The pipe organ was designed especially for this Church so to have perfect acoustics. Today, I think the instrument to play the pipes has been improved and a new player was installed in 1967 and blessed in 2005.
The foundation was designed to carry 10 times the weight of the cathedral.
Most of the stained glass windows were destroyed during
World War II.
Some broken tiles have been replaced with local tiles with the imprint of “Wang-Tai Saigon.” The original tiles were imprinted with the words Guichard Carvin, Marseille St Andre France.
In the flower garden in front of the cathedral, there was a bronze statue of Pigneau de Behaine (also called Bishop Adran) leading Prince Canh, the son of Gia Long by his left hand.
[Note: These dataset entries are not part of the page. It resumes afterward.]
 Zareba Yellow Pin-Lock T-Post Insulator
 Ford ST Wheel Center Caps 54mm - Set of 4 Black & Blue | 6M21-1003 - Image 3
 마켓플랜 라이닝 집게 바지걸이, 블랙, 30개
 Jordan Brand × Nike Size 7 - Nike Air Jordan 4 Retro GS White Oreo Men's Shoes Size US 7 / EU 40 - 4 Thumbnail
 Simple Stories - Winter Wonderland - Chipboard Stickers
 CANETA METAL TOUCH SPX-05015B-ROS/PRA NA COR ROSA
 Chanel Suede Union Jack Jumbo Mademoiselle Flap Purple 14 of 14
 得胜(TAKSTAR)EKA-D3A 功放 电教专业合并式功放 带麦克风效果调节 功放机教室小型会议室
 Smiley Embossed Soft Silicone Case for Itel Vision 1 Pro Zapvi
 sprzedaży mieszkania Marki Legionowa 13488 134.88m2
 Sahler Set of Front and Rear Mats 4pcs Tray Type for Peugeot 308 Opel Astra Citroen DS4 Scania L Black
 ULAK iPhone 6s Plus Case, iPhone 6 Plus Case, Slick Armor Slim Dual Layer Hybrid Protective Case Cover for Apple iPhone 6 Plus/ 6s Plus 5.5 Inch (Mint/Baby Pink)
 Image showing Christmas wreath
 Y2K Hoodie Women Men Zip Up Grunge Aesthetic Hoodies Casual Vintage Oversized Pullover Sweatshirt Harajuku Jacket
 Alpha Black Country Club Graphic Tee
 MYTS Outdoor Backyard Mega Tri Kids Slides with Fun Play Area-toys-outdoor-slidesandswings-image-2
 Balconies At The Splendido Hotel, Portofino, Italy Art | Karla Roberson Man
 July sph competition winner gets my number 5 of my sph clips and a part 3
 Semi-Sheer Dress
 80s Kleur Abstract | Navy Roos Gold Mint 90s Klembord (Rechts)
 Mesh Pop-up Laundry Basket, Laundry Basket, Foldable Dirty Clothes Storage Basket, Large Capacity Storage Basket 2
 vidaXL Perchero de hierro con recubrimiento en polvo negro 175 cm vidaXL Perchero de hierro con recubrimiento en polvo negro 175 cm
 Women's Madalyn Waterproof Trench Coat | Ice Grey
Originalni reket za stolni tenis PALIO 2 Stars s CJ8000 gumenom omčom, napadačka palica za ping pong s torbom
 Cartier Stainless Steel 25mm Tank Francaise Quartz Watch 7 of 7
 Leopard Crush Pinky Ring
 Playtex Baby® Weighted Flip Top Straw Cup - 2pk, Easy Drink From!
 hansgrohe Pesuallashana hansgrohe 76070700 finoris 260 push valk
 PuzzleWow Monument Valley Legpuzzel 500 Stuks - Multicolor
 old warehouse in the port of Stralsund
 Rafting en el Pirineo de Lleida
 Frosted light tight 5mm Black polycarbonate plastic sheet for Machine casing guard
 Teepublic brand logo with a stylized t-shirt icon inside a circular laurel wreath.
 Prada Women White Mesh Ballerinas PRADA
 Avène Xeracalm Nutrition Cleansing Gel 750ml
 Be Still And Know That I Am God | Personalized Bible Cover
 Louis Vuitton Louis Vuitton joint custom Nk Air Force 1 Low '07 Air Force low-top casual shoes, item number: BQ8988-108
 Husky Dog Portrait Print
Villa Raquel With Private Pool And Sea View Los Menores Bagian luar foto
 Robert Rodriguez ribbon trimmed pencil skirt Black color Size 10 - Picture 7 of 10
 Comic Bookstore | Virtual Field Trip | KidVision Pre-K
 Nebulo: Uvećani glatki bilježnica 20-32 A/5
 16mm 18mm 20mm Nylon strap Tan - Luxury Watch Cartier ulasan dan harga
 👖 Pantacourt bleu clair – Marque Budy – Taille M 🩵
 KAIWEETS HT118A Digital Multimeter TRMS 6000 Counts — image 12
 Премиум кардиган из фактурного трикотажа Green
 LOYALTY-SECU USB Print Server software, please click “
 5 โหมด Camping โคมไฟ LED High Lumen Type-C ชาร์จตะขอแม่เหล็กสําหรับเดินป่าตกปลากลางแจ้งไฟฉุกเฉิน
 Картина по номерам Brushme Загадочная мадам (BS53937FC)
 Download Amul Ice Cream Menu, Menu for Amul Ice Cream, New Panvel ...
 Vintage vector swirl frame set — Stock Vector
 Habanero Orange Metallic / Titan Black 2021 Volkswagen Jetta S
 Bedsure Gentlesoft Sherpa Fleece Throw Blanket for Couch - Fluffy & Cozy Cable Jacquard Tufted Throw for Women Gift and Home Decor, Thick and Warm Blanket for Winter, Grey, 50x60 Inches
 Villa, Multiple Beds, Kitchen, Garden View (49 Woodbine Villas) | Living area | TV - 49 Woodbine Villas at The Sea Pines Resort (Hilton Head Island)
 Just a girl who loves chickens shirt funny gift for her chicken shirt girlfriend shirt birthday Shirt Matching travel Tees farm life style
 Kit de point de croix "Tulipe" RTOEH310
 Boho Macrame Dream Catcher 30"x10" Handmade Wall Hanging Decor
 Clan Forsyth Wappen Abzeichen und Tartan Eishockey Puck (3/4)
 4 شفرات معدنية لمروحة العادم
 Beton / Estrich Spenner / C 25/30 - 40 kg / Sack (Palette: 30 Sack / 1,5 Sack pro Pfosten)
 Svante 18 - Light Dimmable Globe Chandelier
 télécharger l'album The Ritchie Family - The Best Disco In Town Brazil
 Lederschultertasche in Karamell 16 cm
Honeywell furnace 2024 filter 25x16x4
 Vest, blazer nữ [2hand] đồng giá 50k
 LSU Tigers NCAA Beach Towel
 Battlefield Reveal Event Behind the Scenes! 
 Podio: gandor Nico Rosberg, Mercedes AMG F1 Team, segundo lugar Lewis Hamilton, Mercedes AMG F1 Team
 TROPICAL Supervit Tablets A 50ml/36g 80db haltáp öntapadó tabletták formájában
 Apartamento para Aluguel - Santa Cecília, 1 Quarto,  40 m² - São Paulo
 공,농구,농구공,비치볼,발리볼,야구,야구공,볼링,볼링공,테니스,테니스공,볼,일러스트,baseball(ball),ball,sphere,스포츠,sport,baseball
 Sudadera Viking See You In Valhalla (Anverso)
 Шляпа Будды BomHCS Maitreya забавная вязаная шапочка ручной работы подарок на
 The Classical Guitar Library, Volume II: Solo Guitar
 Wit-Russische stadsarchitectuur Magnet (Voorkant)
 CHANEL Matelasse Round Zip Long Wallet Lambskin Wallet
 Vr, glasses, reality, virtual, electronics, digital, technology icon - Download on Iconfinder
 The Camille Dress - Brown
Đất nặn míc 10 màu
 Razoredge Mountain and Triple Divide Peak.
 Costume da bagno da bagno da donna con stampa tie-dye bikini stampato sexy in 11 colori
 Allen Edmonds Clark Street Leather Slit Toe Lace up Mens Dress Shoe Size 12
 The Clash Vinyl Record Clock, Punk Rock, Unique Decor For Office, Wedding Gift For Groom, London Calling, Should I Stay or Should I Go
In his right hand is a symbol of the 1787 Treaty of Versailles. The statue was made in France. In 1945, the statue was removed, for what reason and where the statue is today is a good question. My guess is the statue was offensive to some Vietnamese. In 1945, the last Nguyen Emperor, Bao Dai, had abdicated. Ho Chi Minh had declared Vietnam an independent nation. A reminder of French meddling in Vietnam affairs probably was offensive.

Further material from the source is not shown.